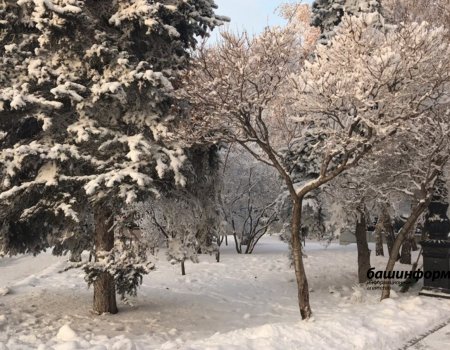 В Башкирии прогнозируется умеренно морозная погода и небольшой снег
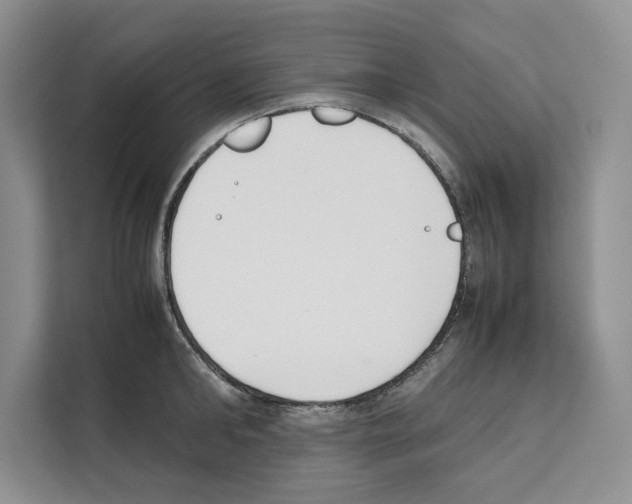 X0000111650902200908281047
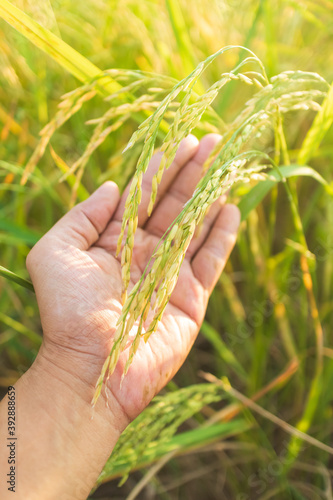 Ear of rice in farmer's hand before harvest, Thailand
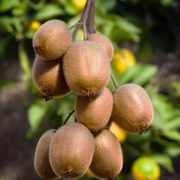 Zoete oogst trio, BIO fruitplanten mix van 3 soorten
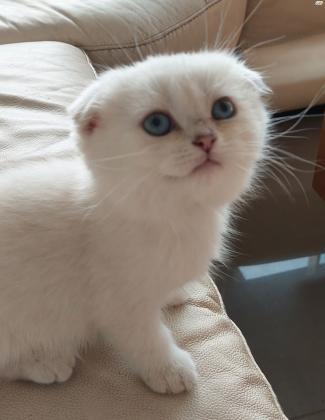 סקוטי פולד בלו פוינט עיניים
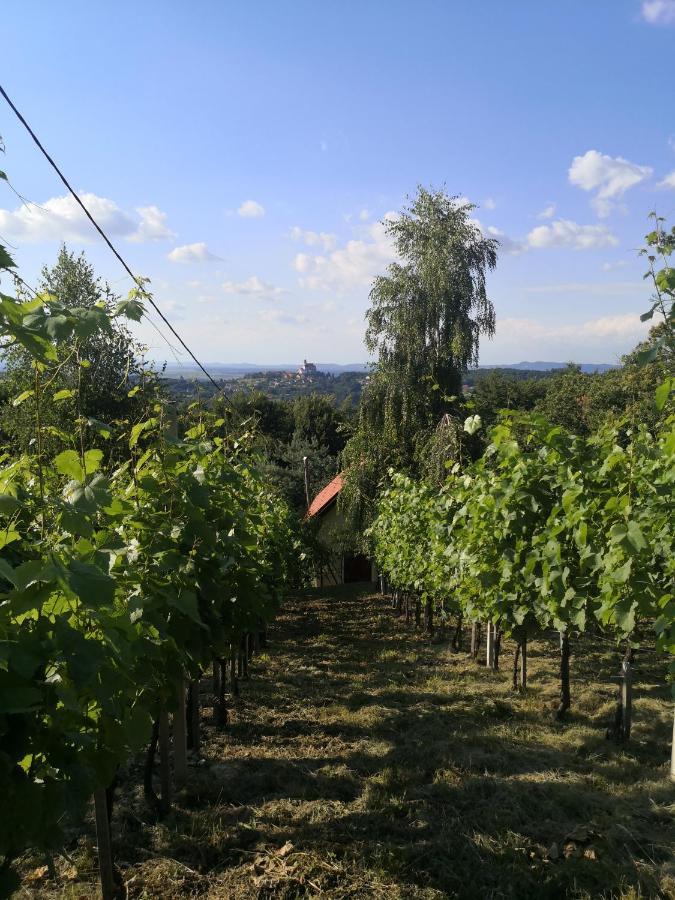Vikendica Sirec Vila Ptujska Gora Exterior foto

---

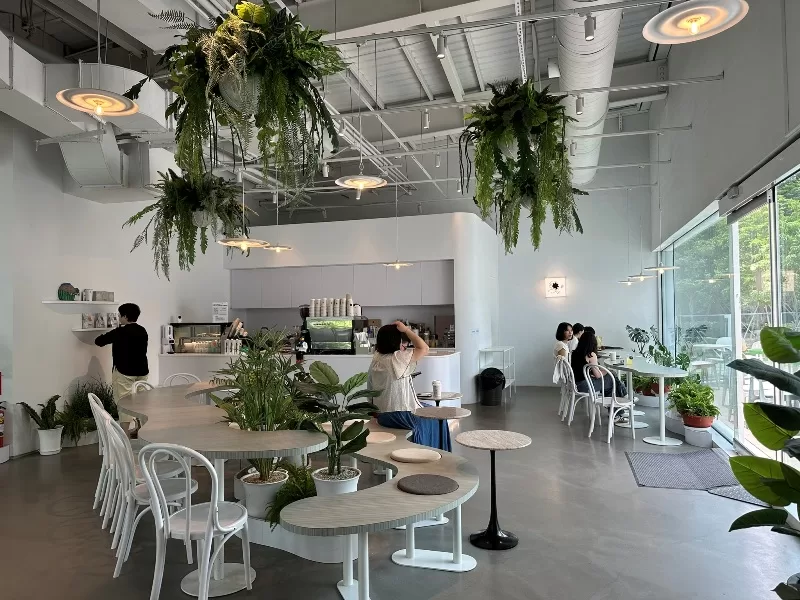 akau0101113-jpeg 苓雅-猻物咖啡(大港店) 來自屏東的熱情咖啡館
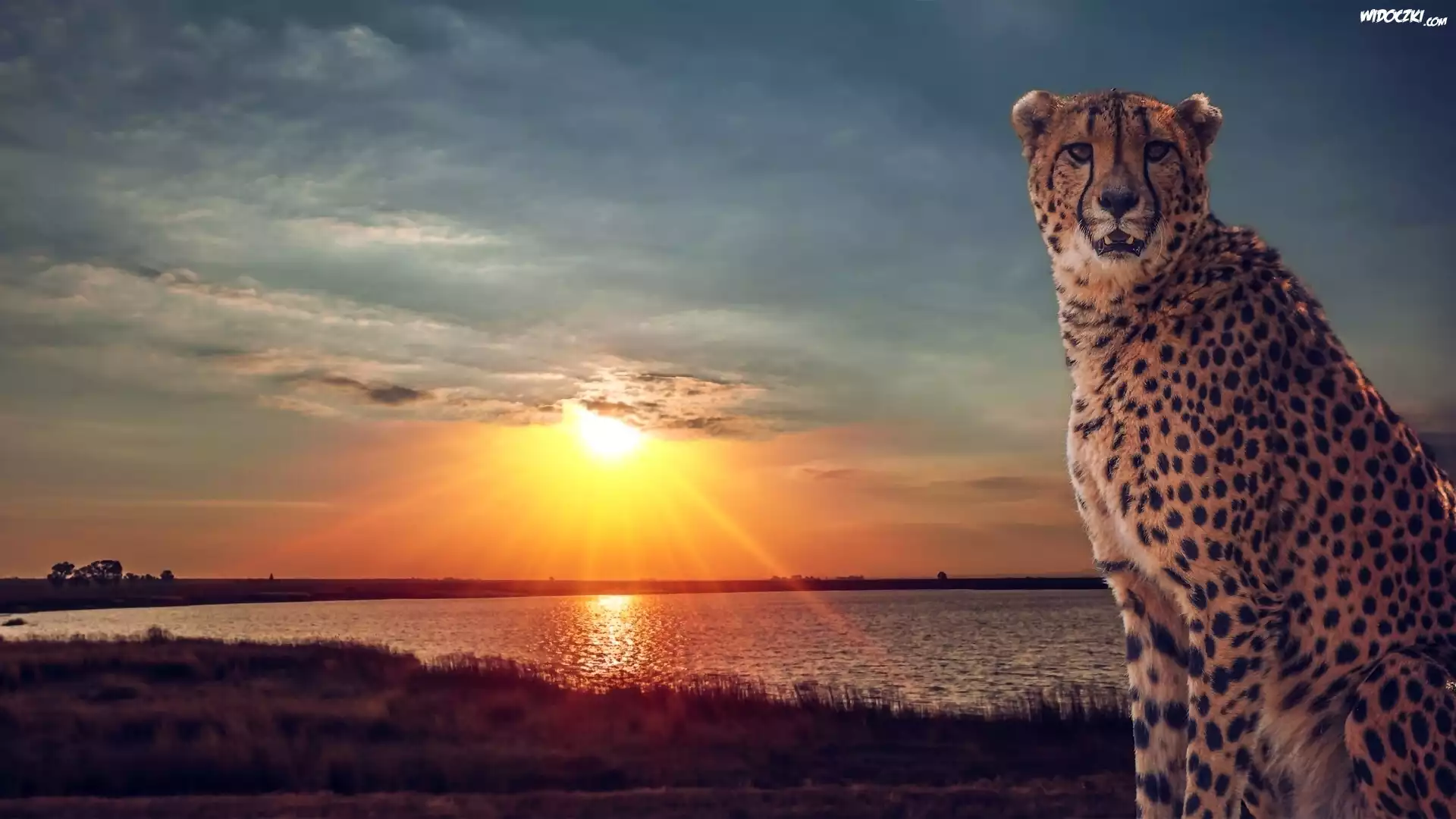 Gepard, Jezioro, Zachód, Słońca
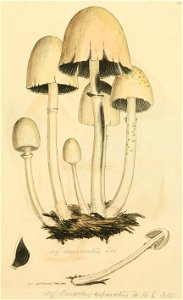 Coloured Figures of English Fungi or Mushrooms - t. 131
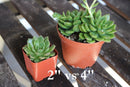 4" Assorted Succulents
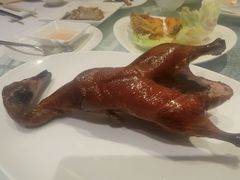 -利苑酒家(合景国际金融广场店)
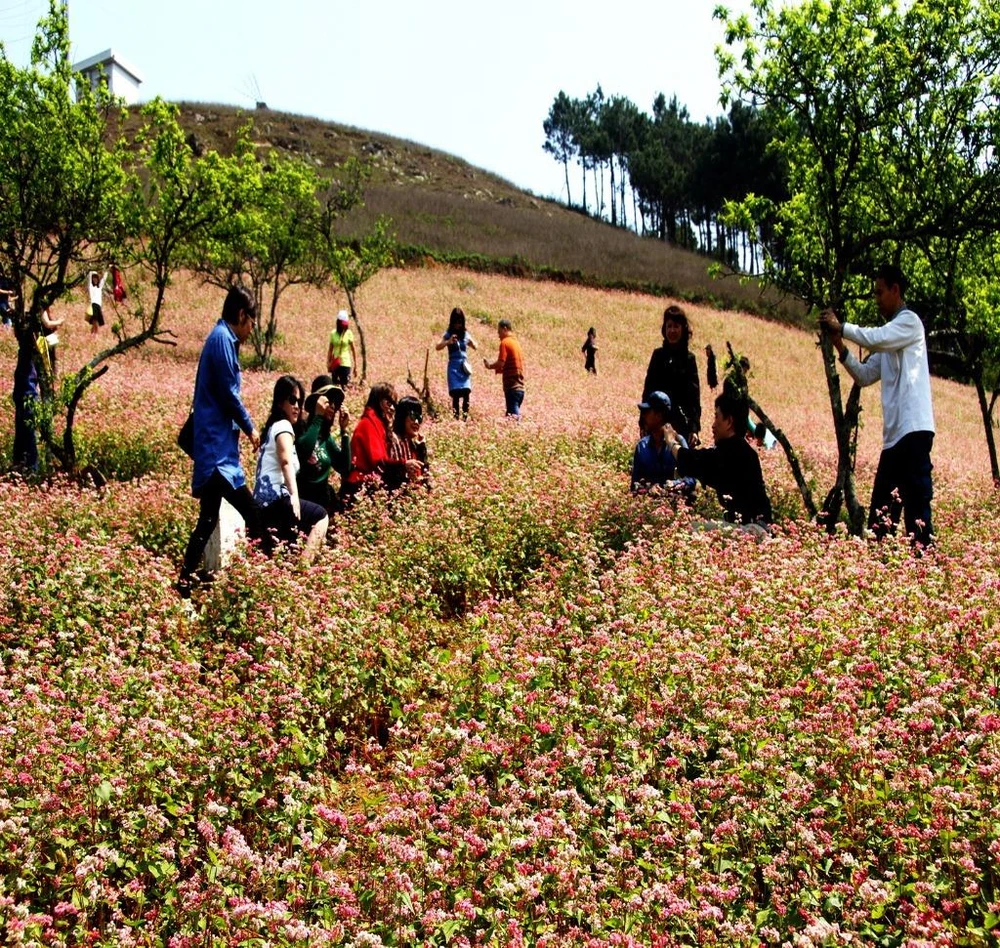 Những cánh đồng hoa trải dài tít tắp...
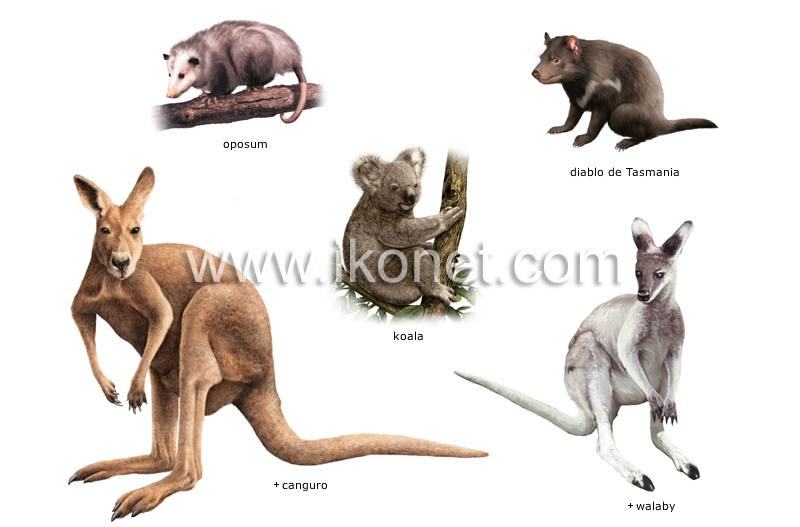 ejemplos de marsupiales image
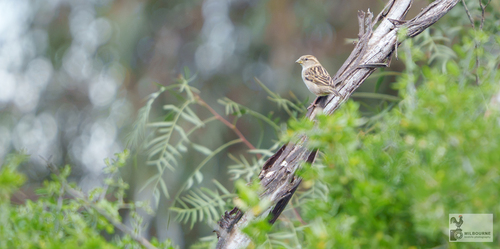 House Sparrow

...

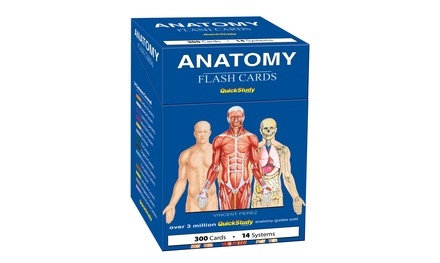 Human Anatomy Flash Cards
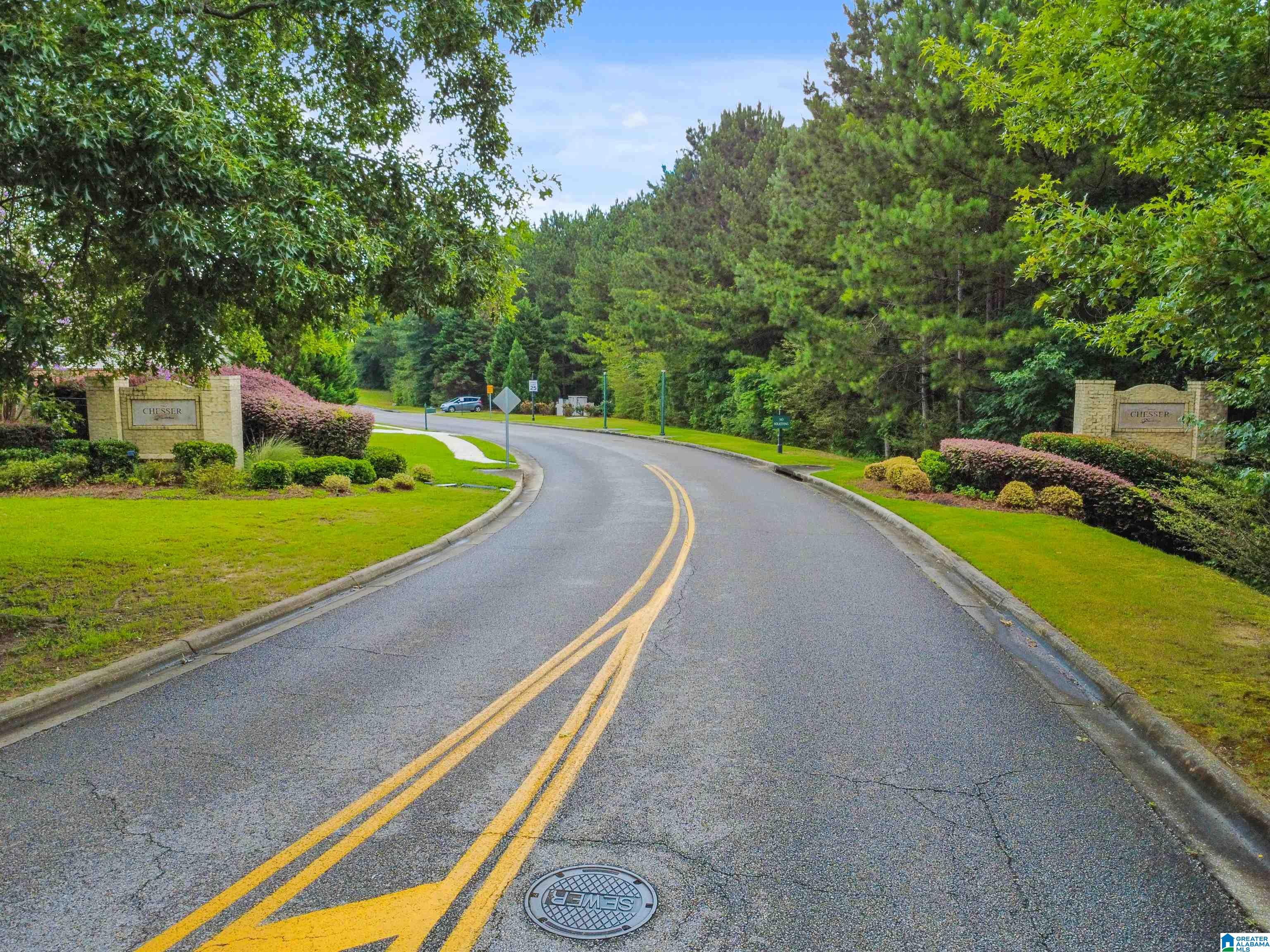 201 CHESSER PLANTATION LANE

• PROMPT: Starting with the line above that holds "В Башкирии прогнозируется", restate each line word for word up to and including the line that holds "Vikendica Sirec Vila". Drop the pictures.

• EXPECTED ANSWER:
 В Башкирии прогнозируется умеренно морозная погода и небольшой снег
 X0000111650902200908281047
 Ear of rice in farmer's hand before harvest, Thailand
 Zoete oogst trio, BIO fruitplanten mix van 3 soorten
 סקוטי פולד בלו פוינט עיניים
Vikendica Sirec Vila Ptujska Gora Exterior foto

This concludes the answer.